1. Introduction

This note explains the methodology used to estimate the value of green and blue space implicit in property prices in urban areas in Great Britain in the initial urban ecosystem accounts published on 12 July 2018.

Nôl i'r tabl cynnwys

2. Strengths and limitations of using Hedonic Pricing Method

The Hedonic Pricing Method (HPM) relies on the assumption that a class of differentiated products can be broken down in to a number of characteristics. A combination of these characteristics and the external factors that affect the product determines the price. The most common example of this is property values, where the market price of a property is determined by a combination of structural characteristics (floor area, number of bedrooms, garden, garage and so on) and the socio-economic and environmental characteristics of the surrounding area (quality of schools, access to retail, transport, levels of water/air pollution, proximity to green space and so on)

HPM can be used to estimate the extent to which characteristics affect price by modelling property prices as a set of explanatory variables, including the structural, socio-economic and environmental characteristics. Assuming that nature is implicit in property prices, this methodology can then be used to extract values for environmental goods or services from market-based transactions by including measures of access to natural areas in the regression model.

HPM returns market-based marginal prices of ecosystem services comparable to those used for standard market goods (Day, 2013), which is important for consistency with the national accounts.

Further, data on property transactions and characteristics are readily available and it potentially offers a means of estimating the value of everyday recreational visits to local green spaces that do not require admission fees or the use of public or private transport. Such trips are currently excluded by the expenditure-based method currently used in the UK Natural Capital accounts.

A limitation of HPM is that to obtain accurate and robust estimates large datasets with very detailed information about property characteristics and the surrounding environment are needed. Omitting key determinants of property prices that are correlated with availability of natural amenities may result in biased estimates and the results are sensitive to model specification, therefore care is needed when building the models.

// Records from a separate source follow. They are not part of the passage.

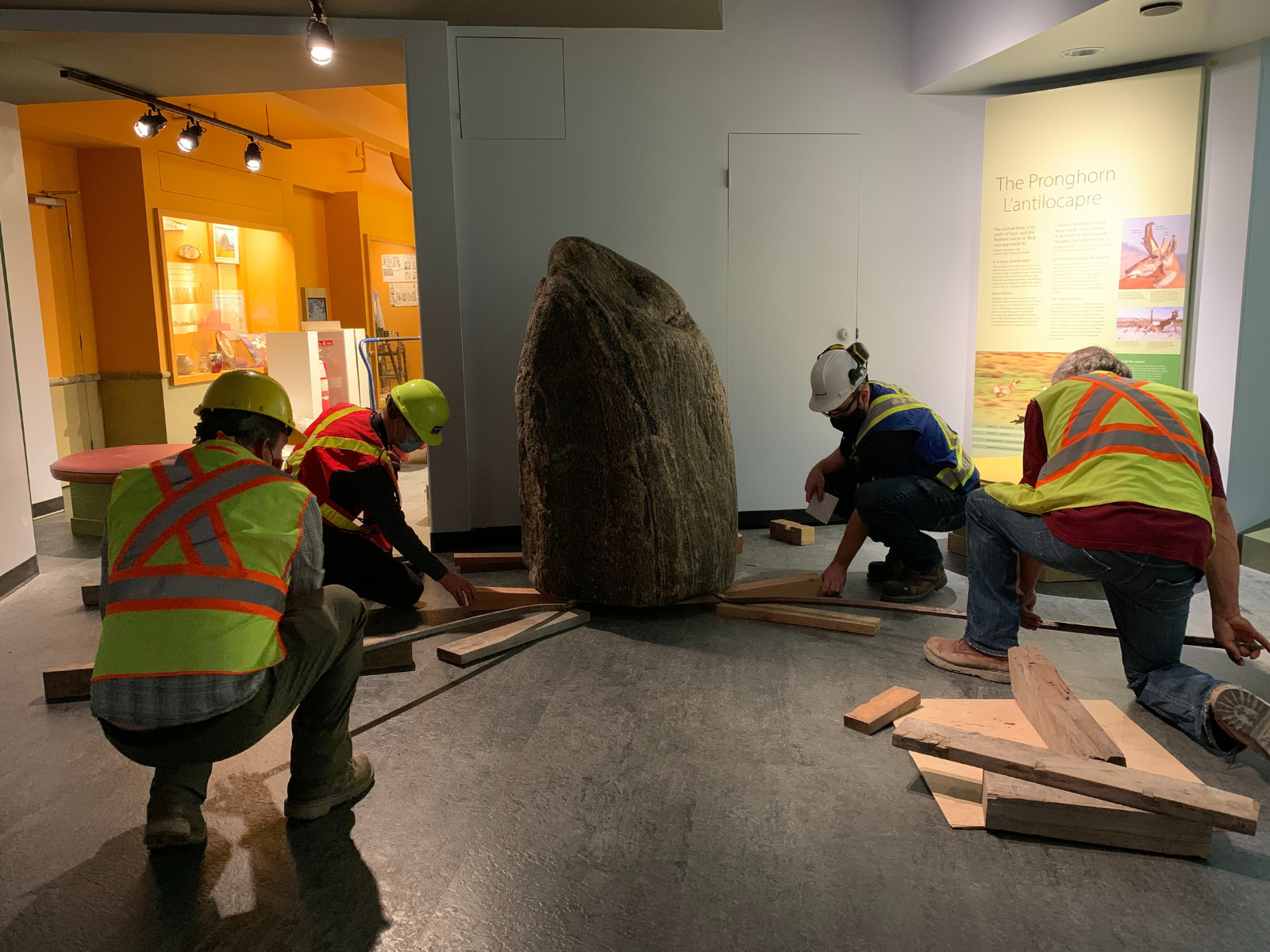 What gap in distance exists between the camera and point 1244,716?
8.57 ft

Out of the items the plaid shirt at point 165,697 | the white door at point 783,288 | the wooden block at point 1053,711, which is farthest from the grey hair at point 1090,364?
the plaid shirt at point 165,697

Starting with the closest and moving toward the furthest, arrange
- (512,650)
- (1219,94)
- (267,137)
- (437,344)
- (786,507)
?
(512,650)
(1219,94)
(437,344)
(786,507)
(267,137)

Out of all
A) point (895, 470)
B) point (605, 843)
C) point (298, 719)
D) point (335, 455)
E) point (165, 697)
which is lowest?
point (605, 843)

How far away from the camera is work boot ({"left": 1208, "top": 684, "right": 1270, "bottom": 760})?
2576mm

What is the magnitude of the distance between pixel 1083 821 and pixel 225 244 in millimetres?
9752

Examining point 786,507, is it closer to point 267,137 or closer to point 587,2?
point 587,2

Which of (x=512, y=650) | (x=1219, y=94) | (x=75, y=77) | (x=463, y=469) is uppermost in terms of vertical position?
(x=75, y=77)

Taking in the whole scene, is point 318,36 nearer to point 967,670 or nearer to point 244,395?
point 244,395

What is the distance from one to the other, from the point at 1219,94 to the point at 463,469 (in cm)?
461

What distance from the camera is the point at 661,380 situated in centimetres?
402

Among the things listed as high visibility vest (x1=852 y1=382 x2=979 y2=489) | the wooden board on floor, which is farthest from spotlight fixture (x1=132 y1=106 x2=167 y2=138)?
the wooden board on floor

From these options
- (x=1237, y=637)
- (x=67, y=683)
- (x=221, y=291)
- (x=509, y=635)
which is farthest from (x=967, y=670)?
(x=221, y=291)

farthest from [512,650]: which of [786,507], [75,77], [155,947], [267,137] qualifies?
[267,137]

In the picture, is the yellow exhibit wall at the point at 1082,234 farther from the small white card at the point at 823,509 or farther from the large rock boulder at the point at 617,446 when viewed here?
the large rock boulder at the point at 617,446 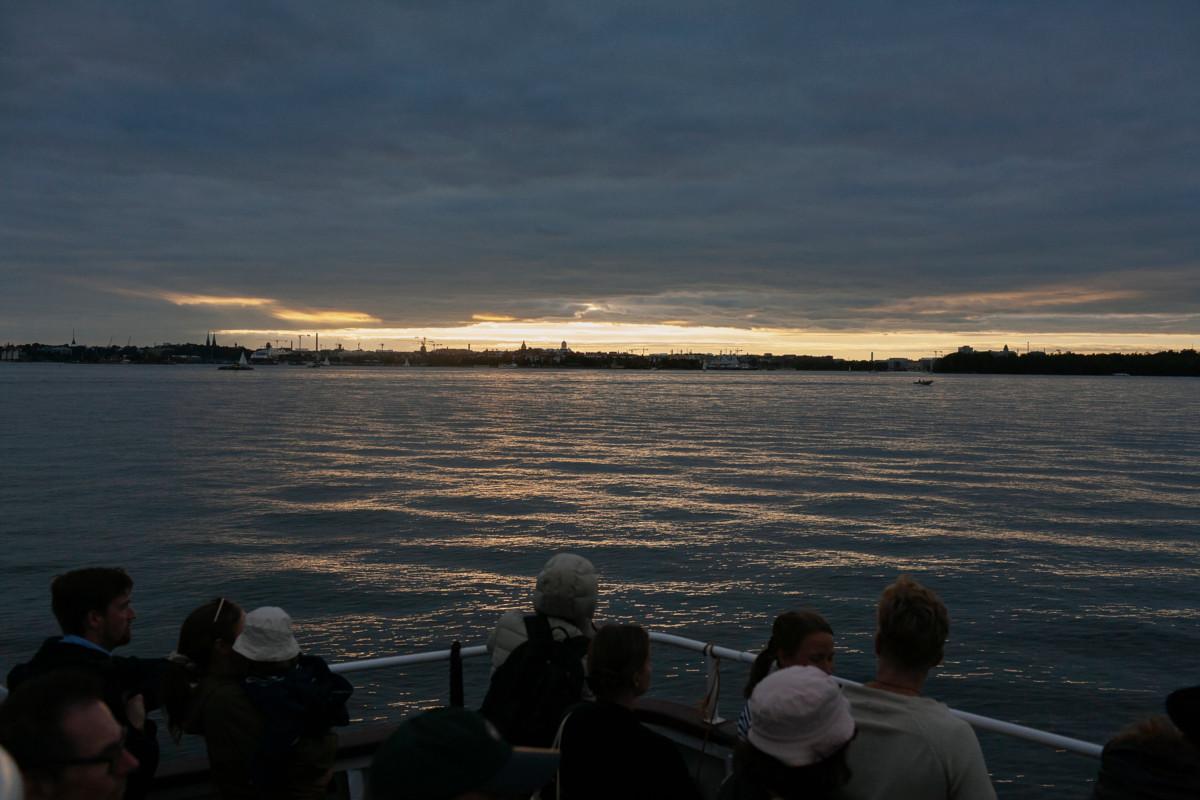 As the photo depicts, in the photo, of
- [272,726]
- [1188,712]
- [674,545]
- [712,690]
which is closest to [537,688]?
[272,726]

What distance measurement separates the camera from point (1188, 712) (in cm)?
258

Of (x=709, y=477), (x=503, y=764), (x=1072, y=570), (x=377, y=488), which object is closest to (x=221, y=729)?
(x=503, y=764)

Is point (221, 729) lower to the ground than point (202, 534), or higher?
higher

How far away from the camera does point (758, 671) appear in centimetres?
398

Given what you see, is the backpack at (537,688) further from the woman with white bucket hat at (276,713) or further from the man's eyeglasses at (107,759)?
the man's eyeglasses at (107,759)

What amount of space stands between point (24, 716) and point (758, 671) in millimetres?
2809

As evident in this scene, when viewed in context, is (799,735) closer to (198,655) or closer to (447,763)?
(447,763)

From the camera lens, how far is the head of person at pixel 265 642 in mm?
4059

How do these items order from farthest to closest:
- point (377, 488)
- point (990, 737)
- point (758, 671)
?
point (377, 488) → point (990, 737) → point (758, 671)

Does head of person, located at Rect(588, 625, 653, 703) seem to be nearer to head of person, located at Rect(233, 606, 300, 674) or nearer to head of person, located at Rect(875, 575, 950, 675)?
head of person, located at Rect(875, 575, 950, 675)

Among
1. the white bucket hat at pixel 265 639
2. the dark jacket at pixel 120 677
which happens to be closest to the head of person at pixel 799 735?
the white bucket hat at pixel 265 639

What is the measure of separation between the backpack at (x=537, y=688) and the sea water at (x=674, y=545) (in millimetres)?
8937

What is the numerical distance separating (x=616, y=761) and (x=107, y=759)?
1554 mm

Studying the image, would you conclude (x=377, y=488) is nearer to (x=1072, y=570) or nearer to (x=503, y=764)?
(x=1072, y=570) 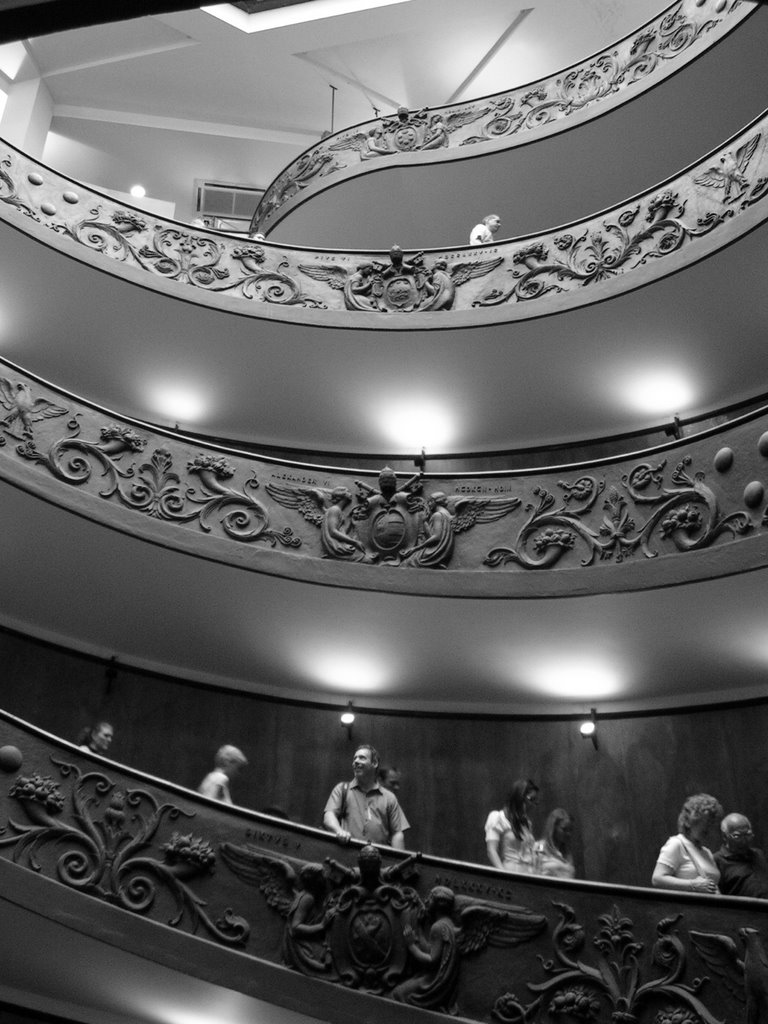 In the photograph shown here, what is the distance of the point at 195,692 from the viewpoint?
1088 cm

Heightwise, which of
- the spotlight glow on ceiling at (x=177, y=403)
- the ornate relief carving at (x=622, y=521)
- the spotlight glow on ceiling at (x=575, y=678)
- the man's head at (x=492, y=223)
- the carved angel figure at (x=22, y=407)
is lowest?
the spotlight glow on ceiling at (x=575, y=678)

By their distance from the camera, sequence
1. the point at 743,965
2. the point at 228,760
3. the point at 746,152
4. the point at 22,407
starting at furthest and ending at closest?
the point at 746,152
the point at 22,407
the point at 228,760
the point at 743,965

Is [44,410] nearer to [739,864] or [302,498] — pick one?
[302,498]

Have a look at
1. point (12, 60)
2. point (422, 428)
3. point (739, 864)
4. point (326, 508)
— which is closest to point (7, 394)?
point (326, 508)

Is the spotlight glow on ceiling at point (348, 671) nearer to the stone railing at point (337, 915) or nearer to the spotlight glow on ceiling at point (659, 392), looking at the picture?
the stone railing at point (337, 915)

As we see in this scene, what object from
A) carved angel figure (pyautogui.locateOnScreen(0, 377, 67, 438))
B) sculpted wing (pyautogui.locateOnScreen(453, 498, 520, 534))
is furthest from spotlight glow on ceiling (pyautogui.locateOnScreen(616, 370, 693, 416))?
carved angel figure (pyautogui.locateOnScreen(0, 377, 67, 438))

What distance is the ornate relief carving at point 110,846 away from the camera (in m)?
6.41

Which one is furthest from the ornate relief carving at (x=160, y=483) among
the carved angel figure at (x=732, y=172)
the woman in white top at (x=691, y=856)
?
the carved angel figure at (x=732, y=172)

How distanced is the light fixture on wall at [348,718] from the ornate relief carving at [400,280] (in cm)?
477

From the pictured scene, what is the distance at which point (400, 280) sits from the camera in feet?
41.4

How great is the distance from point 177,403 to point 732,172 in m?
6.99

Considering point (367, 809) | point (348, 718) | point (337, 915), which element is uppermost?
point (348, 718)

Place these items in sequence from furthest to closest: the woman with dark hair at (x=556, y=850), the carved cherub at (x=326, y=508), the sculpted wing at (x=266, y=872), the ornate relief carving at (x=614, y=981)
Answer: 1. the carved cherub at (x=326, y=508)
2. the woman with dark hair at (x=556, y=850)
3. the sculpted wing at (x=266, y=872)
4. the ornate relief carving at (x=614, y=981)

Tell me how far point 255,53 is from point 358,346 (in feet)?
31.0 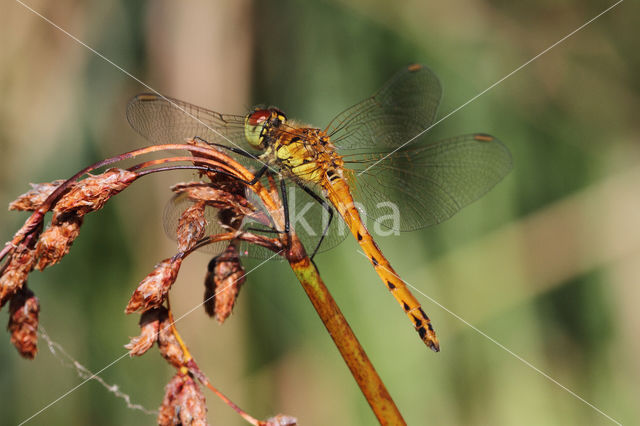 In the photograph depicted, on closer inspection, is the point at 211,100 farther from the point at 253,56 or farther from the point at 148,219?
the point at 148,219

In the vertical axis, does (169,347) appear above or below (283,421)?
above

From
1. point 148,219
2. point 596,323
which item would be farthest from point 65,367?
point 596,323

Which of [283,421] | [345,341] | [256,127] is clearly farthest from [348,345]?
[256,127]

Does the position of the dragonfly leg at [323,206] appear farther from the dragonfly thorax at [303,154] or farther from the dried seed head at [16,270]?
the dried seed head at [16,270]

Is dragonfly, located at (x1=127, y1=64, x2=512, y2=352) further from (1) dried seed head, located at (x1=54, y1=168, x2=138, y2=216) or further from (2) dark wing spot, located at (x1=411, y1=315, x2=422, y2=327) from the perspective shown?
(1) dried seed head, located at (x1=54, y1=168, x2=138, y2=216)

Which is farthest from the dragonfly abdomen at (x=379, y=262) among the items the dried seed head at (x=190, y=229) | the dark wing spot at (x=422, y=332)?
the dried seed head at (x=190, y=229)

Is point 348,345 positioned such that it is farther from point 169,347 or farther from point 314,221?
point 314,221

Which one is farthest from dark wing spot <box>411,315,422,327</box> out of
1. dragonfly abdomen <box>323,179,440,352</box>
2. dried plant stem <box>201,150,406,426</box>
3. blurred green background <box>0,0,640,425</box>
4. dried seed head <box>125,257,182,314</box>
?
dried seed head <box>125,257,182,314</box> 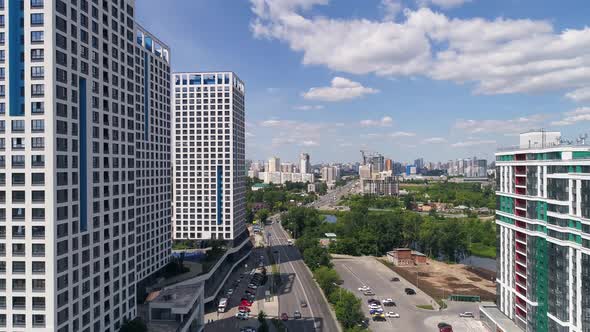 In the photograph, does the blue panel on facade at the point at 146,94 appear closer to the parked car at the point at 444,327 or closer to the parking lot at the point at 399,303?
the parking lot at the point at 399,303

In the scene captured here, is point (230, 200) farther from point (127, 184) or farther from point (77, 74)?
point (77, 74)

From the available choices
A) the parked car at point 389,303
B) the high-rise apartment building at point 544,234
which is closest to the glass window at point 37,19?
the high-rise apartment building at point 544,234

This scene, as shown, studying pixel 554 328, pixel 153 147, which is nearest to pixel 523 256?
pixel 554 328

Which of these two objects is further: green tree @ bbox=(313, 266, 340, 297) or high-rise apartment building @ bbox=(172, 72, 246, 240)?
high-rise apartment building @ bbox=(172, 72, 246, 240)

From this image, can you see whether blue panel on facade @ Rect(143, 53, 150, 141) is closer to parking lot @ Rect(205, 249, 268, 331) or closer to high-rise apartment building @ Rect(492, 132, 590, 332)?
parking lot @ Rect(205, 249, 268, 331)

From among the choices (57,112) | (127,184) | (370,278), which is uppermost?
(57,112)

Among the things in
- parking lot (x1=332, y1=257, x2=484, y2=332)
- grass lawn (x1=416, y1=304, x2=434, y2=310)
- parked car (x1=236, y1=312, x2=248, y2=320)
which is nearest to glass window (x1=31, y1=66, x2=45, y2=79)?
parked car (x1=236, y1=312, x2=248, y2=320)

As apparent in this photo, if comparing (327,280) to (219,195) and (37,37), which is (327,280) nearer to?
(219,195) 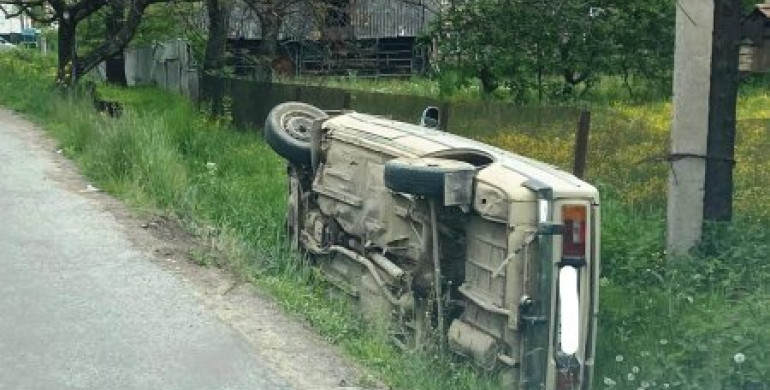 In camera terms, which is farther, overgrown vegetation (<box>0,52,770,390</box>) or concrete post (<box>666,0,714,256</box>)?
concrete post (<box>666,0,714,256</box>)

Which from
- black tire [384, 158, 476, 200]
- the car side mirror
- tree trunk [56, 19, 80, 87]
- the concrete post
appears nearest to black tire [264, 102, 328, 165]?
the car side mirror

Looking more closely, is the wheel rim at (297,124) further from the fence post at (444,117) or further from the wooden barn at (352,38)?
the wooden barn at (352,38)

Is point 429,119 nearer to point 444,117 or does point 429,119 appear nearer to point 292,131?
point 292,131

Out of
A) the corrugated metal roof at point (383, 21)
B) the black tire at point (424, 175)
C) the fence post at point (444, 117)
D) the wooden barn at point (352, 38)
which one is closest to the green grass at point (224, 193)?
the black tire at point (424, 175)

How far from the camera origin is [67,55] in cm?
2284

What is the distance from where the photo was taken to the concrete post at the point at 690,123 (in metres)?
9.13

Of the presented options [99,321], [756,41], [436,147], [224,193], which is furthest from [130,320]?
[756,41]

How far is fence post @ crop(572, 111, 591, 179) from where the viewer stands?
420 inches

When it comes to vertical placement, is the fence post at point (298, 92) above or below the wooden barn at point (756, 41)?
below

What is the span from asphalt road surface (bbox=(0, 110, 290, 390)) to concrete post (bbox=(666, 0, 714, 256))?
3.89 metres

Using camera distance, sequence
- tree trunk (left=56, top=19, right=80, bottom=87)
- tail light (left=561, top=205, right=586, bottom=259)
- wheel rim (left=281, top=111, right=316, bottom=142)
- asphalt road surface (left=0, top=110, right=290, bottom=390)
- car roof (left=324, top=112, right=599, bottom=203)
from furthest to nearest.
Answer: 1. tree trunk (left=56, top=19, right=80, bottom=87)
2. wheel rim (left=281, top=111, right=316, bottom=142)
3. car roof (left=324, top=112, right=599, bottom=203)
4. tail light (left=561, top=205, right=586, bottom=259)
5. asphalt road surface (left=0, top=110, right=290, bottom=390)

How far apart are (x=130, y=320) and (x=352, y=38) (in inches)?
921

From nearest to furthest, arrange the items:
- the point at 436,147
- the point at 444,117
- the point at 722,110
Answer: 1. the point at 436,147
2. the point at 722,110
3. the point at 444,117

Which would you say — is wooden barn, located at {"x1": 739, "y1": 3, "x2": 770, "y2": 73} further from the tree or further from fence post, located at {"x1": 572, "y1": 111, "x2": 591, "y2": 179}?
the tree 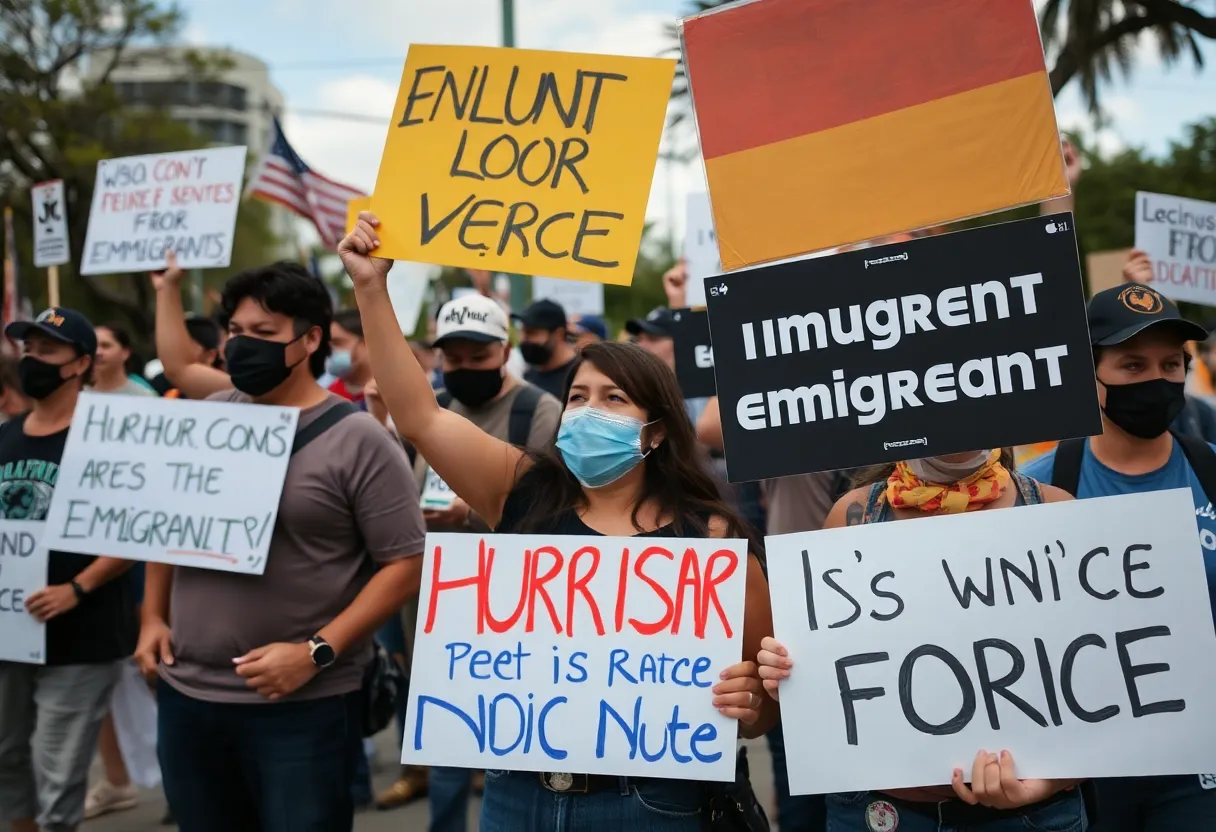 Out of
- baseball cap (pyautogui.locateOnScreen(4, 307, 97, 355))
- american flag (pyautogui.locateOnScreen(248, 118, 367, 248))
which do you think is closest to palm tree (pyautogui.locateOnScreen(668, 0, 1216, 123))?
american flag (pyautogui.locateOnScreen(248, 118, 367, 248))

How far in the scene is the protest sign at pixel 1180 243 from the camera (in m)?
5.72

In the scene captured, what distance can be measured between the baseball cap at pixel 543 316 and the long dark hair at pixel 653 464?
3551mm

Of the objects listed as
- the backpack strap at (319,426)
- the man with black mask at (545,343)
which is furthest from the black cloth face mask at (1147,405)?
the man with black mask at (545,343)

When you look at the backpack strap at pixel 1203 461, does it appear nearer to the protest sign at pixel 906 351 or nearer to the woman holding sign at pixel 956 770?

We cannot be certain that increasing the amount of green and blue space would result in an increase in property prices. To interpret the coefficients causally, we need to assume that our models capture all variables that influence both property prices and areas of blue and green spaces. Whilst this assumption cannot be directly tested, the high R-squared (our models explain over 80% of the variance in property prices) suggests that we include many factors relevant to property prices in our models, leaving less room for unobserved heterogeneity.

The results demonstrate it is possible to apply HPM for national statistics. However, further work is needed, in particular interpreting regression results into annual flow and stock values.

Nôl i'r tabl cynnwys

3. Which ecosystem services could have been captured?

It can be difficult to determine which ecosystem services are captured through the Hedonic Pricing Method (HPM) . It could be posited that the buyers of properties must be aware of the services provided by natural capital for those services to be reflected in property prices. We work on the assumption that the majority of the value captured is that from cultural services, such as recreation and attractive views, rather than regulating services such as carbon sequestration and temperature regulation which people are less likely to be aware of.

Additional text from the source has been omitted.